Commenting on the report Celia Greaves, CEO of the UK Hydrogen and Fuel Cell Association, said: “Our report shows how the UK is uniquely placed to take advantage of the opportunities from low carbon blue hydrogen. The UK HFCA supports the UK’s Governments strategy of a technology agnostic approach to hydrogen as we know that both blue and green hydrogen will play a key part in helping the Government achieve their Net Zero goals. However, if the Government is to achieve their ambitions, the upcoming Hydrogen Strategy needs to provide clarity and greater certainty around the support that will be available for hydrogen. This will enable the investment to flow in time so we can get production going in time to meet the UK’s 2035 78% carbon reduction target.”

Sam French Business Development Director at UK HFCA member Johnson Matthey stated: “Blue hydrogen offers an exciting opportunity to help the UK meet its carbon reduction targets up to 2050 as well as supporting economic growth throughout the UK. This report shows the vast potential that exists for the sector. The next step for industry is to deploy technology at scale. Investment and clear rules from the Government will be crucial.”

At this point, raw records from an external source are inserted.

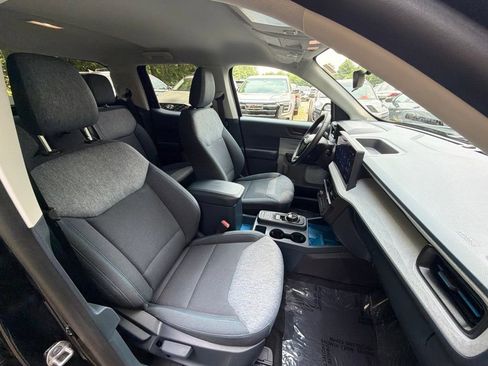 Used 2025 Ford Maverick XLT w/ XLT Luxury Package FWD image 9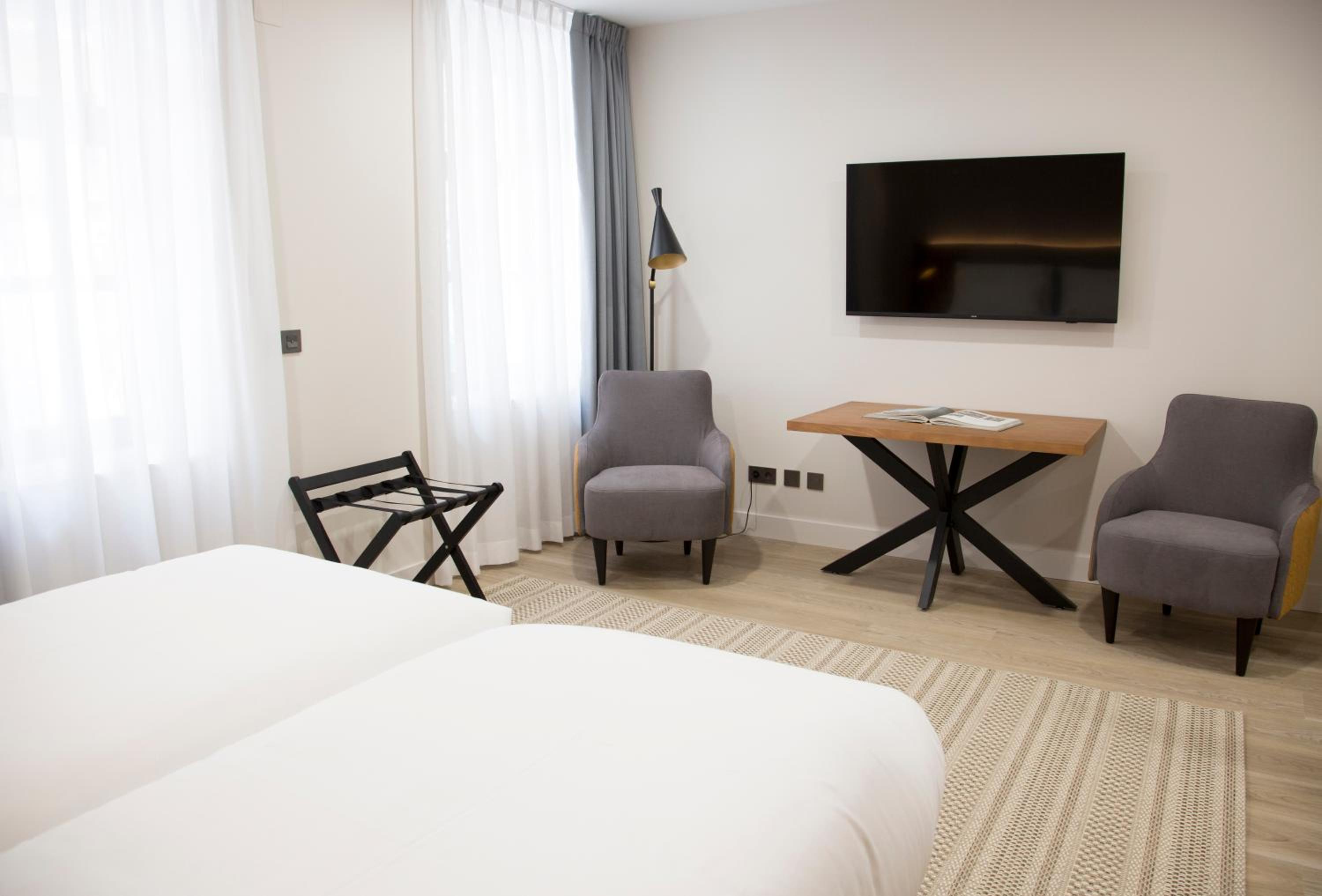 Prisma Suites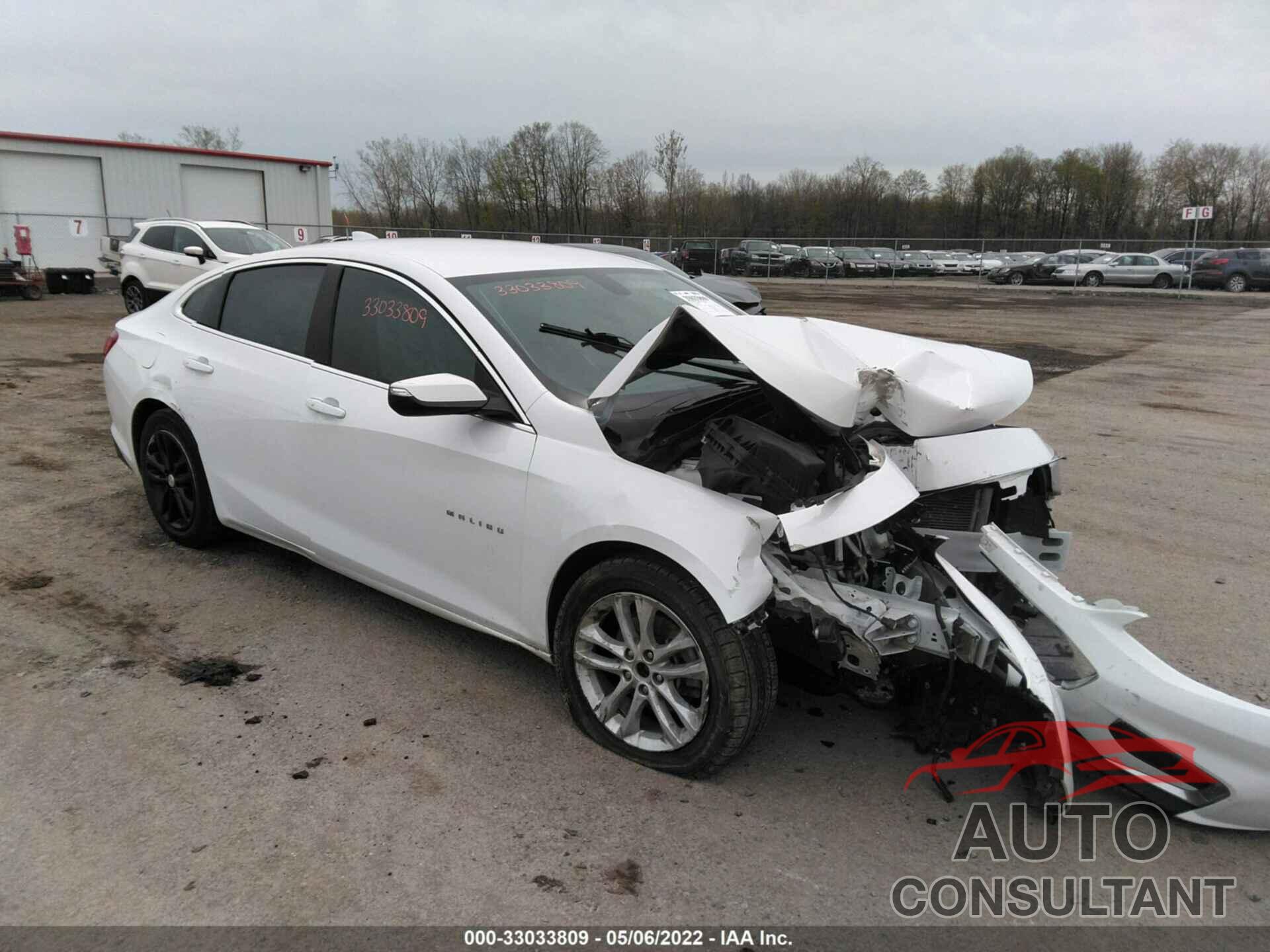 CHEVROLET MALIBU 2018 - 1G1ZD5ST4JF233239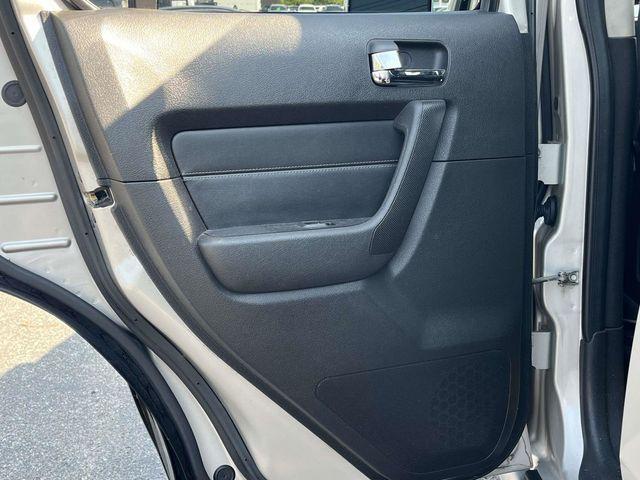 used 2006 Hummer H3 car, priced at $10,500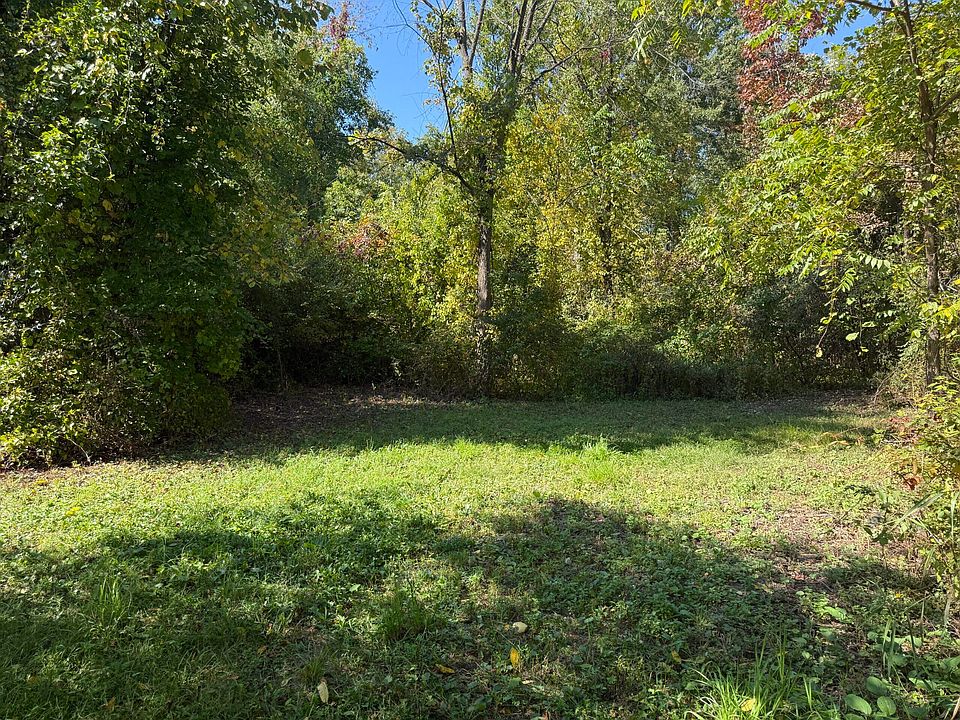 727 W Maple Rd, photo 10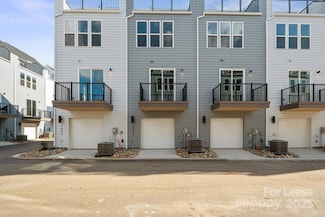 3007 Jolene Ct, Charlotte, NC 28206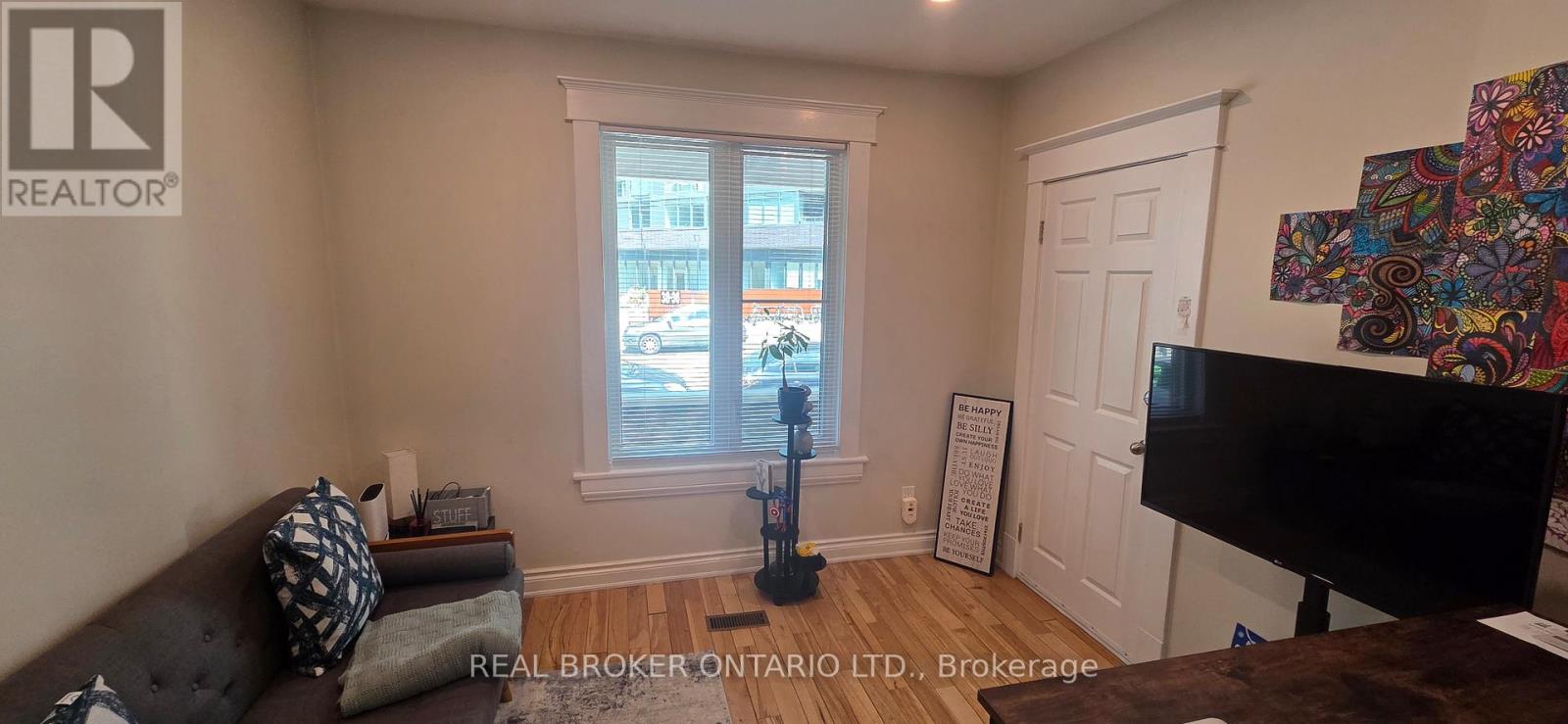 17 Howard Park Avenue Property Photo 5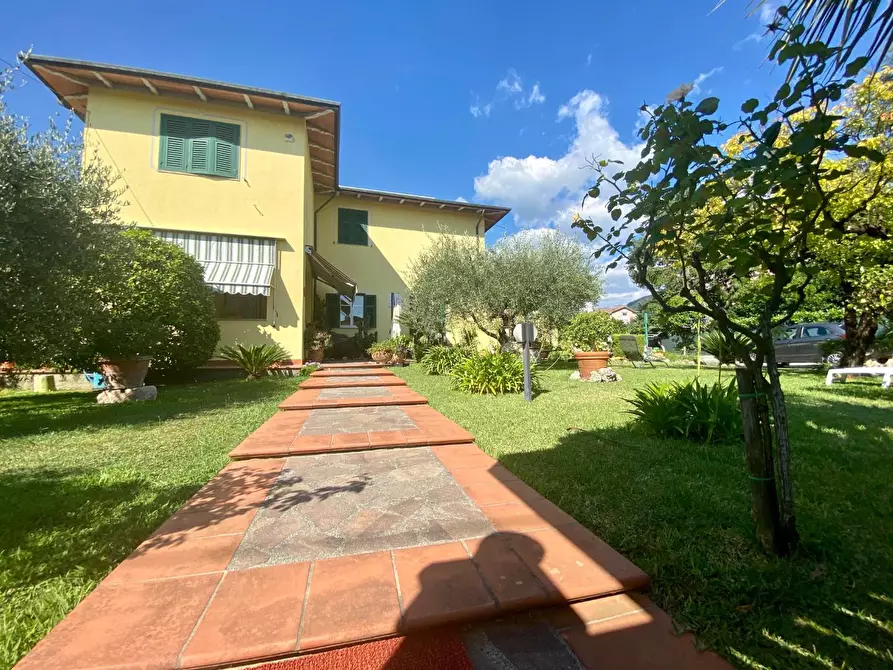 Immagine 3 di Casa bifamiliare in vendita  a Ortonovo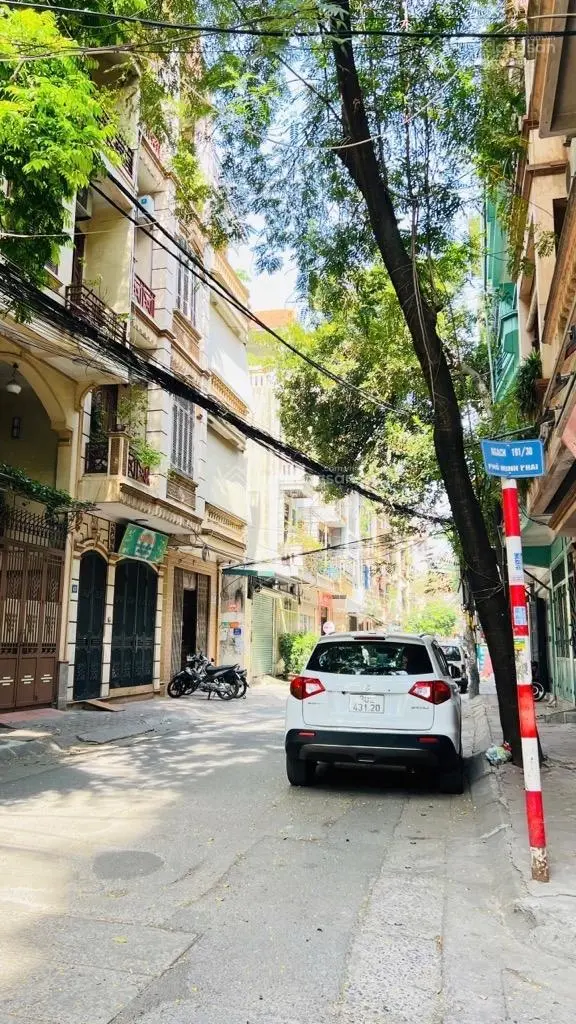 Cực phẩm trung tâm hai bà trưng, 6 tầng thang máy ô tô tránh đỗ ngày đêm, 51,6m2, giá 18,7 tỷ.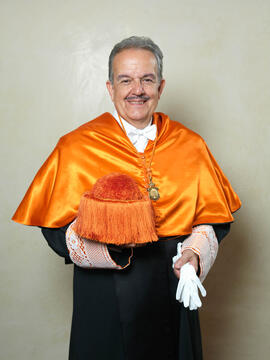 Retratos de D. Juan Ramón Cuadrado Roura como Doctor "Honoris Causa" por la Universidad de Málaga. Junio de 2009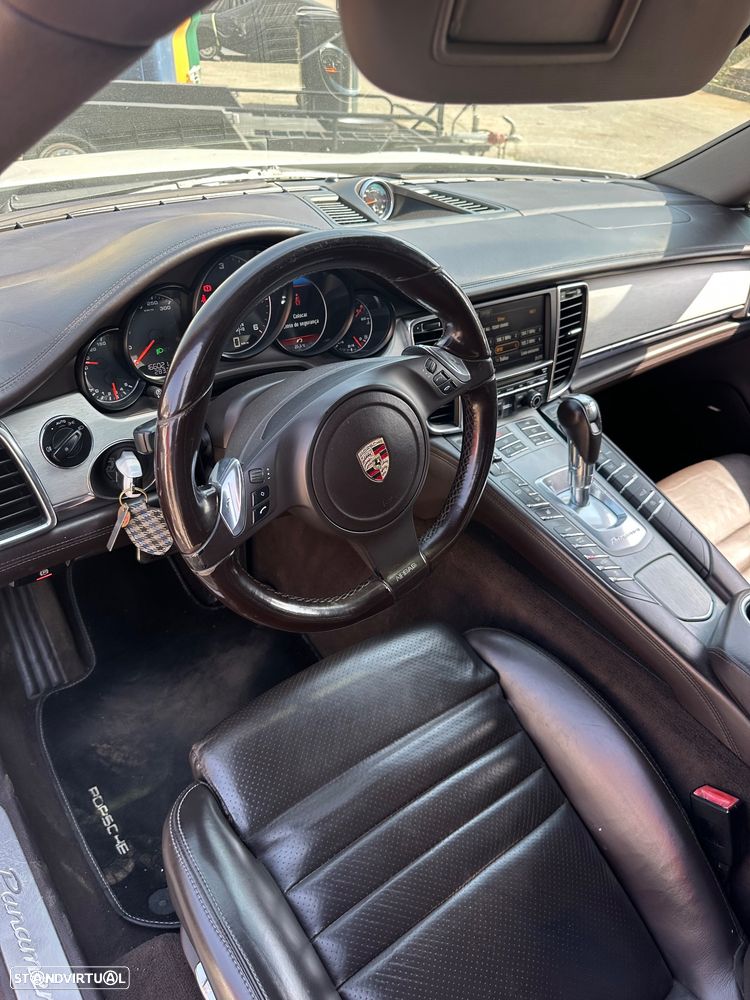 Porsche Panamera Platinum Edition - 8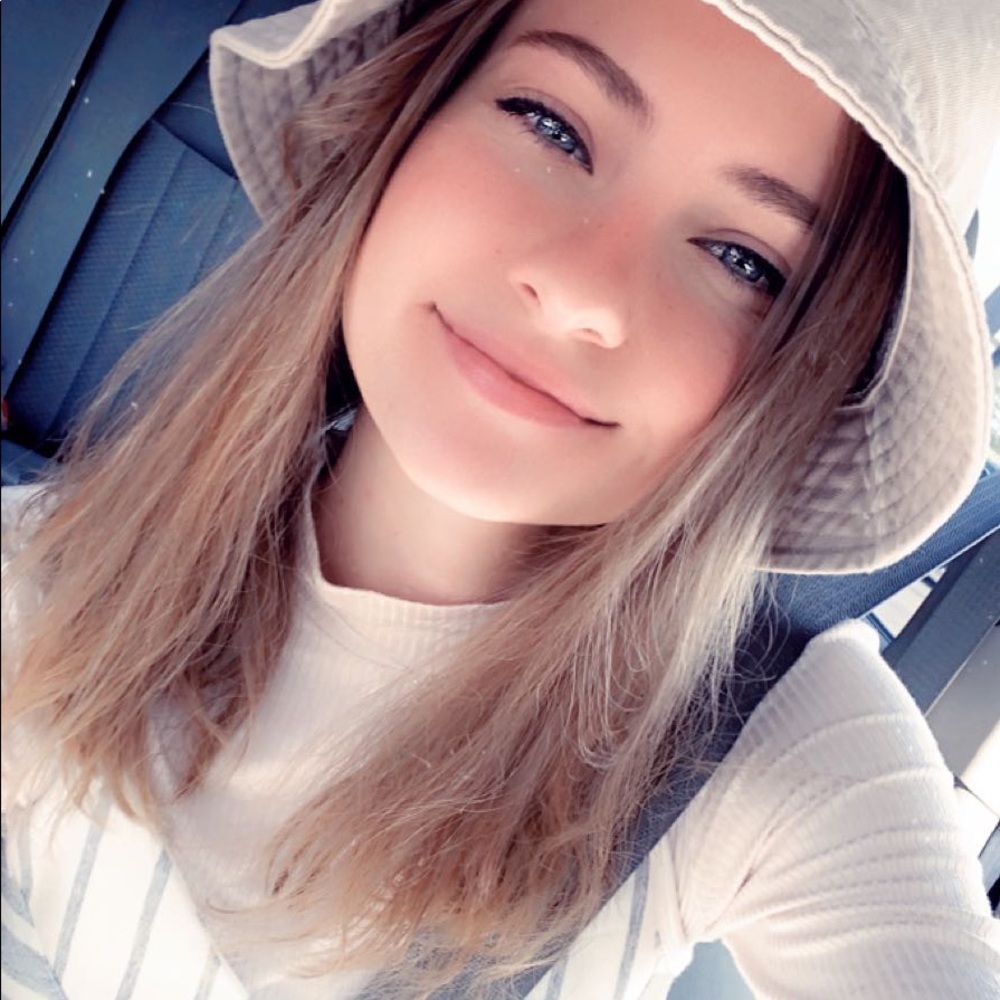 Meet your Posher, Ivy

Commenting on the report, Rob Butler, Partner and Co-Head of the Global Hydrogen and CCUS Practice at international law firm Baker Botts, said: “This report demonstrates that blue hydrogen is critical to the UK government’s net zero ambitions, and that with the right level of investment the UK can become a world leader in blue hydrogen. However, if the UK is going to ramp up low-carbon hydrogen production capacity significantly by 2030, then certainty is needed as to the government support that will be available for these early projects. In addition, a robust mechanism for certifying blue or lower-carbon hydrogen is required, whether by seeking to join the EU’s CertifHy scheme or by development of the UK’s own scheme, to provide purchasers and end consumers with the much-needed confidence that the hydrogen they have purchased or indirectly consumed is blue or lower-carbon.”